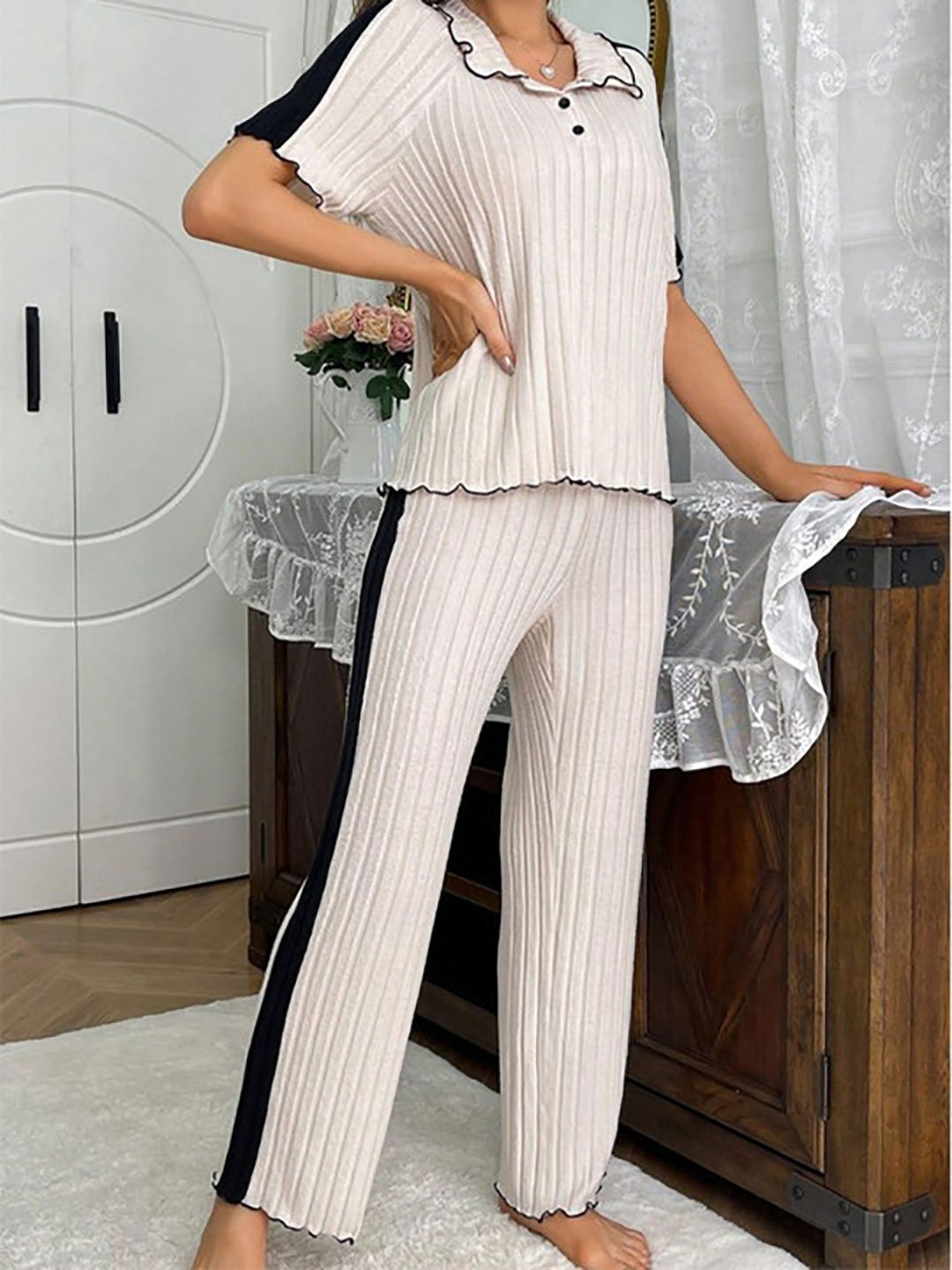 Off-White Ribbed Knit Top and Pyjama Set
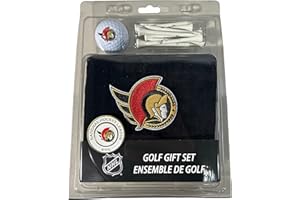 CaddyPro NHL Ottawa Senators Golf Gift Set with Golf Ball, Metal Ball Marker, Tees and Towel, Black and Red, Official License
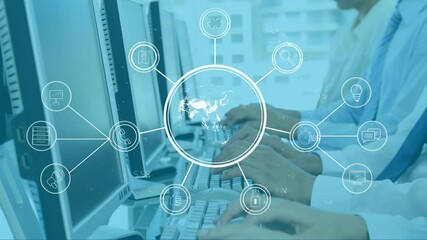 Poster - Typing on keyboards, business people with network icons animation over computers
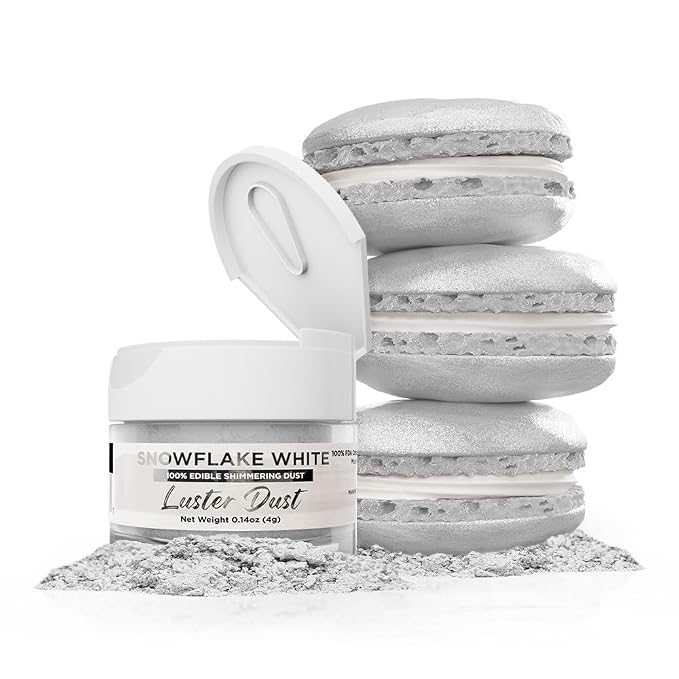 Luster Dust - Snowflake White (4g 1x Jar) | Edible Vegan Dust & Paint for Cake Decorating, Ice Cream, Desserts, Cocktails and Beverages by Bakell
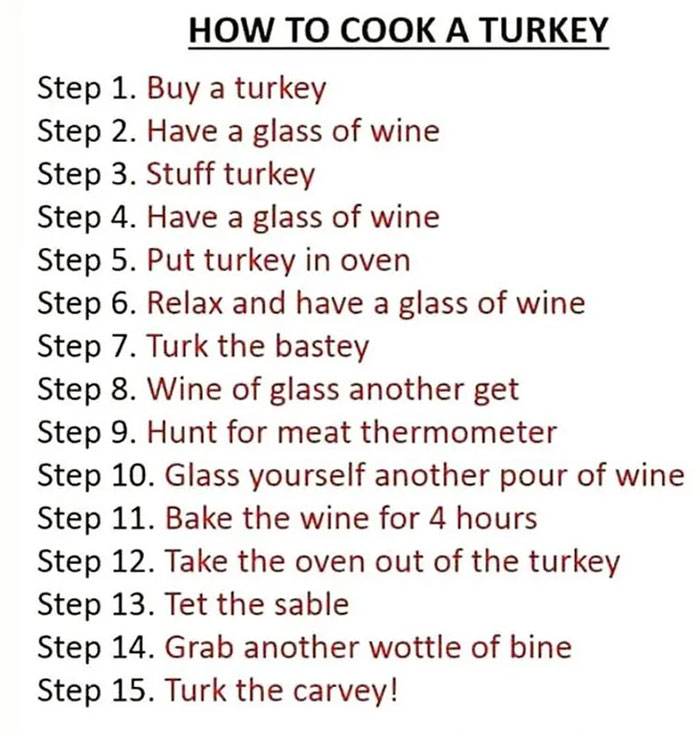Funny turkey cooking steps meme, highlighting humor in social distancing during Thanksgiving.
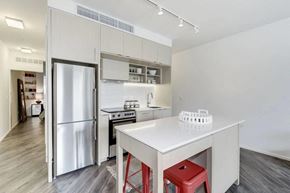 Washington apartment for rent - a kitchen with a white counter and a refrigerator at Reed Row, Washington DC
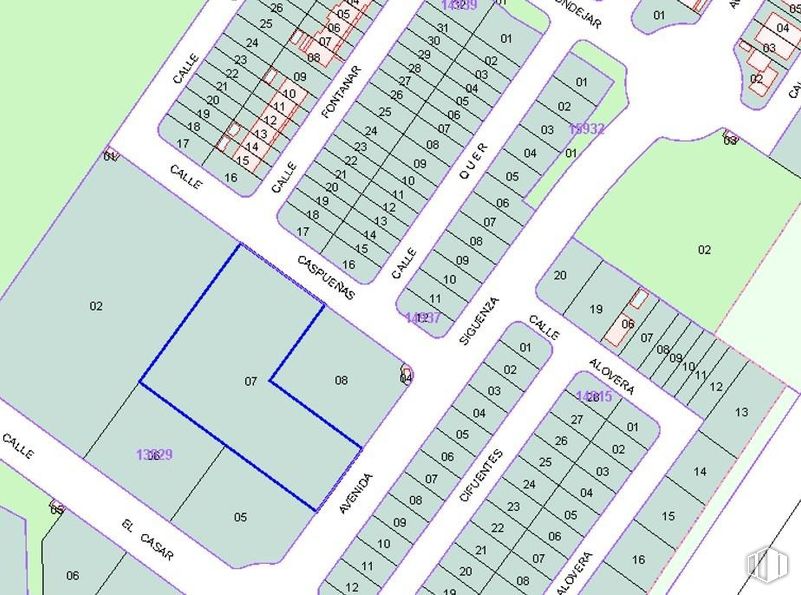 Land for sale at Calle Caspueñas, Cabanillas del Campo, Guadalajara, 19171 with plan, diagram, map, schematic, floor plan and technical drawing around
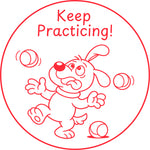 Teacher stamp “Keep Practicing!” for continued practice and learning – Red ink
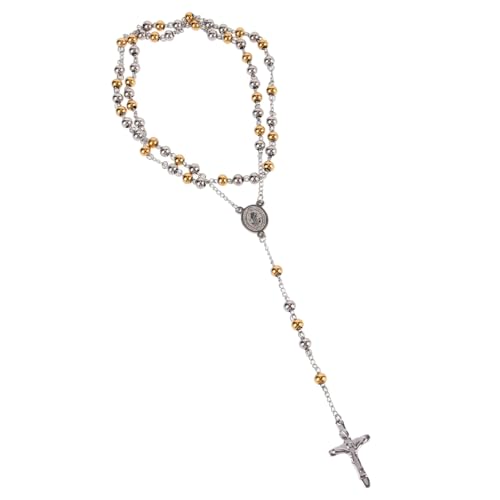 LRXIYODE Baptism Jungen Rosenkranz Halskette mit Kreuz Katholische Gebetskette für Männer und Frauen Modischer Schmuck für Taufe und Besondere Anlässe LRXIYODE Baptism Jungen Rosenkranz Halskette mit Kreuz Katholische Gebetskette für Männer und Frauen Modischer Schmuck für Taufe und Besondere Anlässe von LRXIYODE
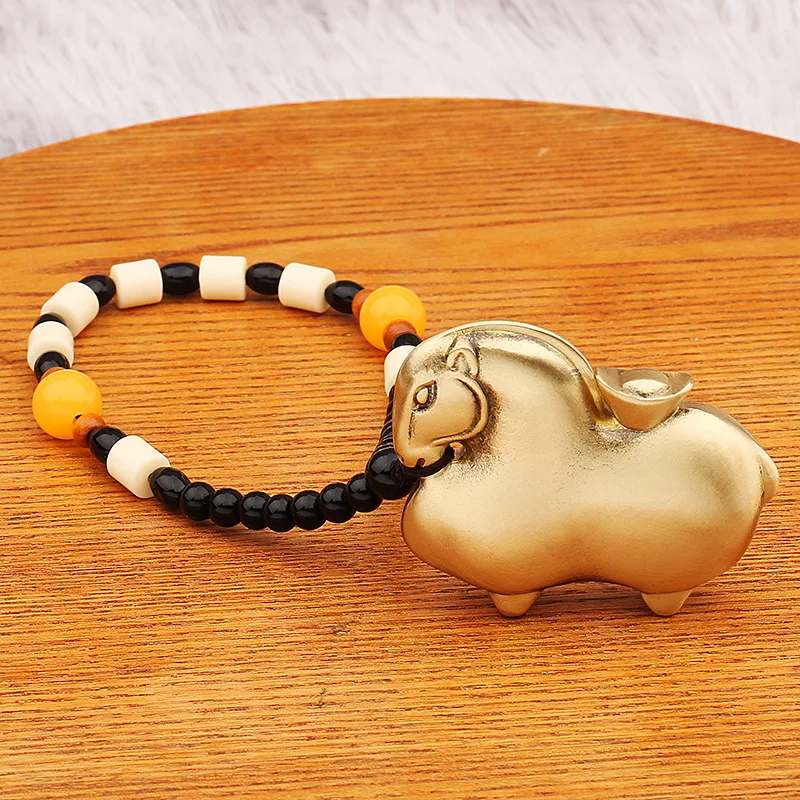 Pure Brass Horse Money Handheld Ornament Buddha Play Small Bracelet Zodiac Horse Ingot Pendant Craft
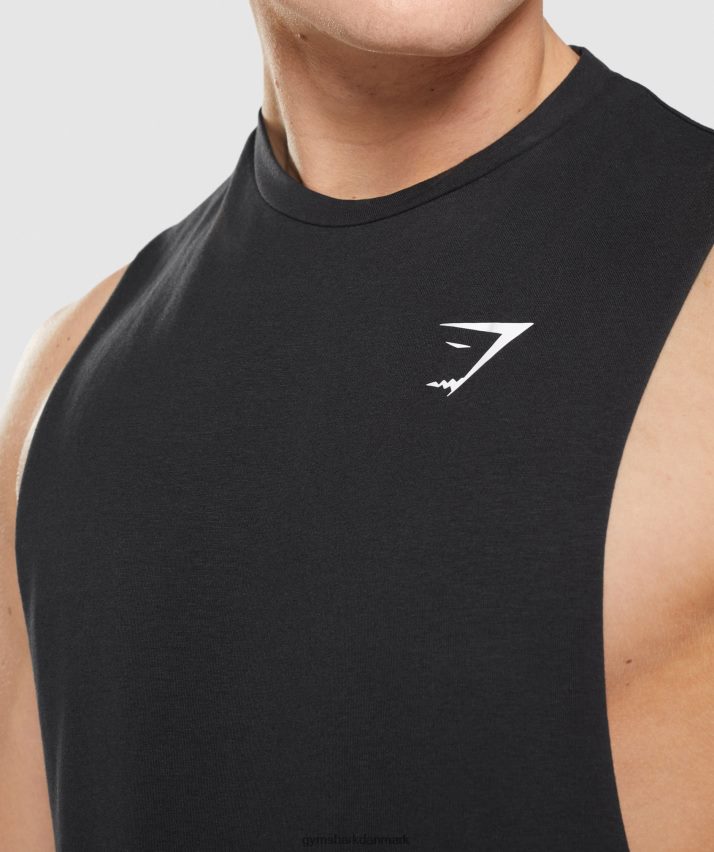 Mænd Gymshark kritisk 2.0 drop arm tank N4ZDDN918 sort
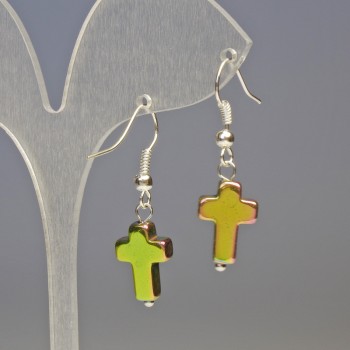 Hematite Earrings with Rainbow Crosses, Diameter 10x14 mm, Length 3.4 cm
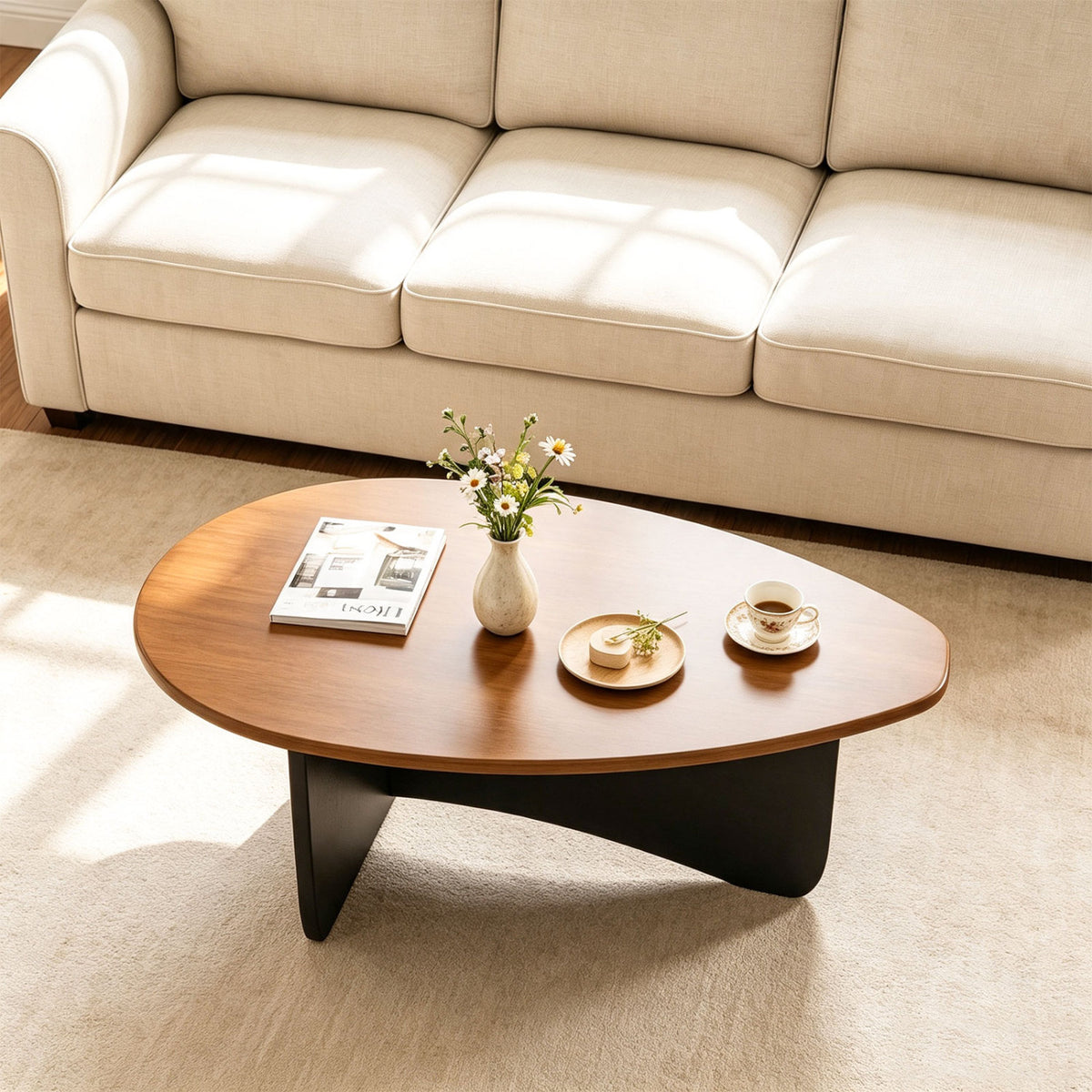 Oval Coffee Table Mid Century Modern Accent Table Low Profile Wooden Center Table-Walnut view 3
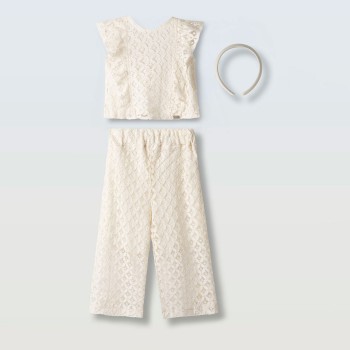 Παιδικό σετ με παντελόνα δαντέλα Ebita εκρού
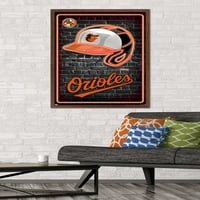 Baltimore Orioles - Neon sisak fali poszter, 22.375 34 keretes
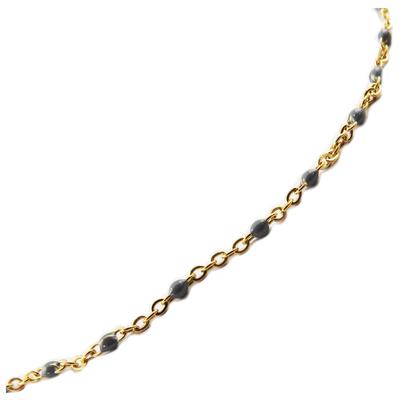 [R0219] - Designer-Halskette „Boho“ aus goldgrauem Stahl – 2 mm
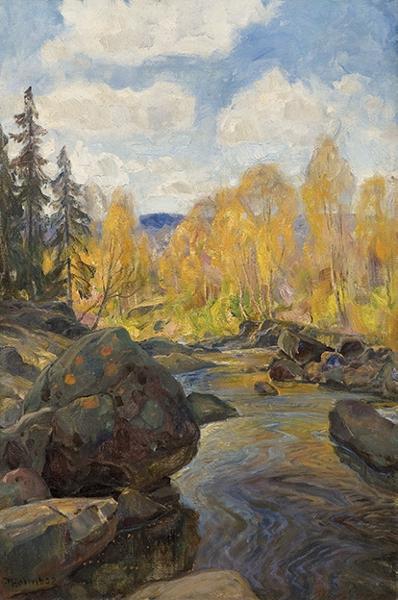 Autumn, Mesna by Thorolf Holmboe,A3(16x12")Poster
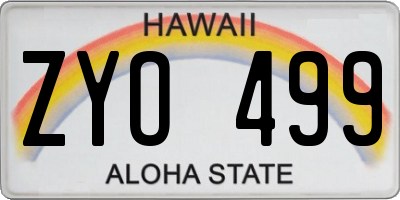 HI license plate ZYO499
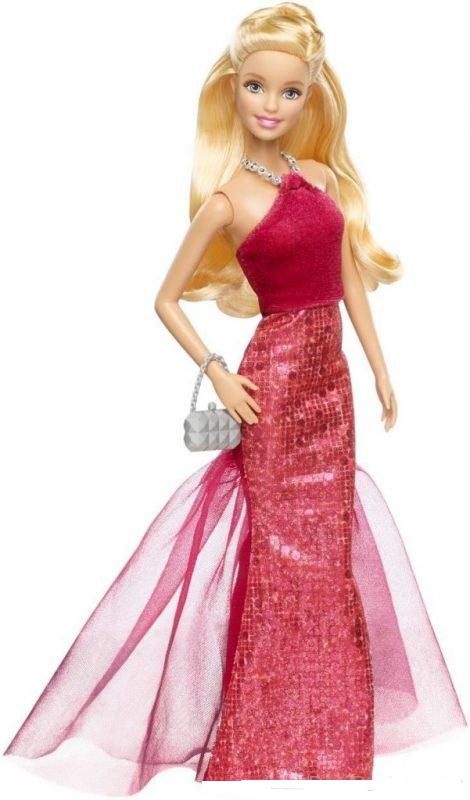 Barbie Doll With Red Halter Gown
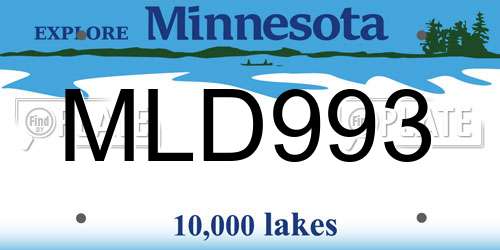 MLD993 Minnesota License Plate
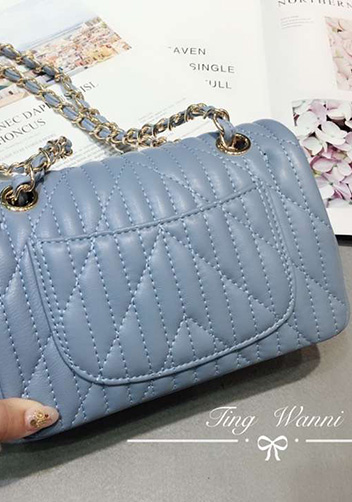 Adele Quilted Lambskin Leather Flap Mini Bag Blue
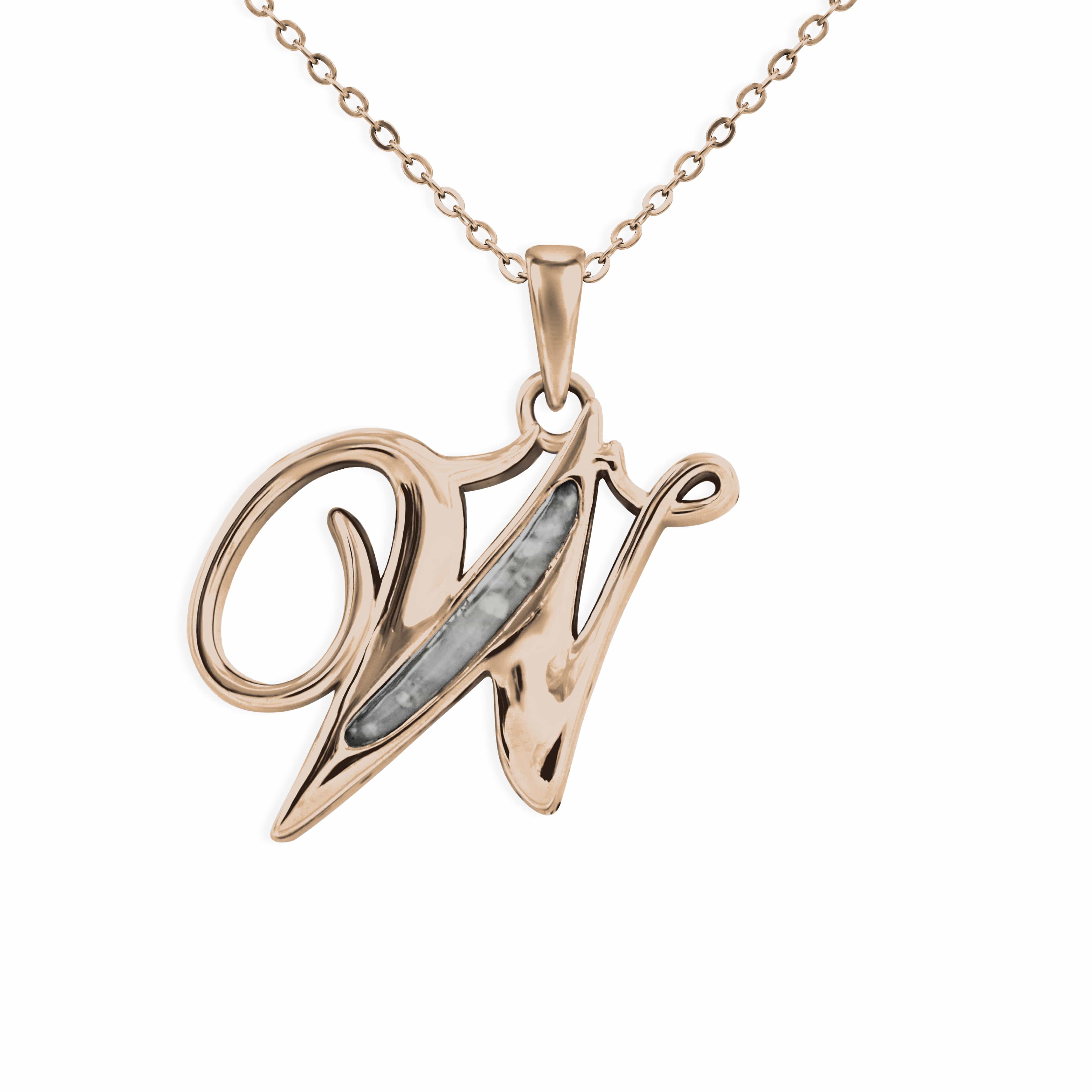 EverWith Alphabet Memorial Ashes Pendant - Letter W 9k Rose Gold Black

◇ ◇ ◇ ◇

### Try it
Each entry should be set down exactly, pictures excluded.

### Expected answer
 Off-White Ribbed Knit Top and Pyjama Set
 CaddyPro NHL Ottawa Senators Golf Gift Set with Golf Ball, Metal Ball Marker, Tees and Towel, Black and Red, Official License
 Poster - Typing on keyboards, business people with network icons animation over computers
 Luster Dust - Snowflake White (4g 1x Jar) | Edible Vegan Dust & Paint for Cake Decorating, Ice Cream, Desserts, Cocktails and Beverages by Bakell
Funny turkey cooking steps meme, highlighting humor in social distancing during Thanksgiving.
 Washington apartment for rent - a kitchen with a white counter and a refrigerator at Reed Row, Washington DC
 Land for sale at Calle Caspueñas, Cabanillas del Campo, Guadalajara, 19171 with plan, diagram, map, schematic, floor plan and technical drawing around
 Teacher stamp “Keep Practicing!” for continued practice and learning – Red ink
 LRXIYODE Baptism Jungen Rosenkranz Halskette mit Kreuz Katholische Gebetskette für Männer und Frauen Modischer Schmuck für Taufe und Besondere Anlässe LRXIYODE Baptism Jungen Rosenkranz Halskette mit Kreuz Katholische Gebetskette für Männer und Frauen Modischer Schmuck für Taufe und Besondere Anlässe von LRXIYODE
 Pure Brass Horse Money Handheld Ornament Buddha Play Small Bracelet Zodiac Horse Ingot Pendant Craft
 Mænd Gymshark kritisk 2.0 drop arm tank N4ZDDN918 sort
 Hematite Earrings with Rainbow Crosses, Diameter 10x14 mm, Length 3.4 cm
 Oval Coffee Table Mid Century Modern Accent Table Low Profile Wooden Center Table-Walnut view 3
 Παιδικό σετ με παντελόνα δαντέλα Ebita εκρού
 Baltimore Orioles - Neon sisak fali poszter, 22.375 34 keretes
 [R0219] - Designer-Halskette „Boho“ aus goldgrauem Stahl – 2 mm
 Autumn, Mesna by Thorolf Holmboe,A3(16x12")Poster
 HI license plate ZYO499
 Barbie Doll With Red Halter Gown
 MLD993 Minnesota License Plate
 Adele Quilted Lambskin Leather Flap Mini Bag Blue
 EverWith Alphabet Memorial Ashes Pendant - Letter W 9k Rose Gold Black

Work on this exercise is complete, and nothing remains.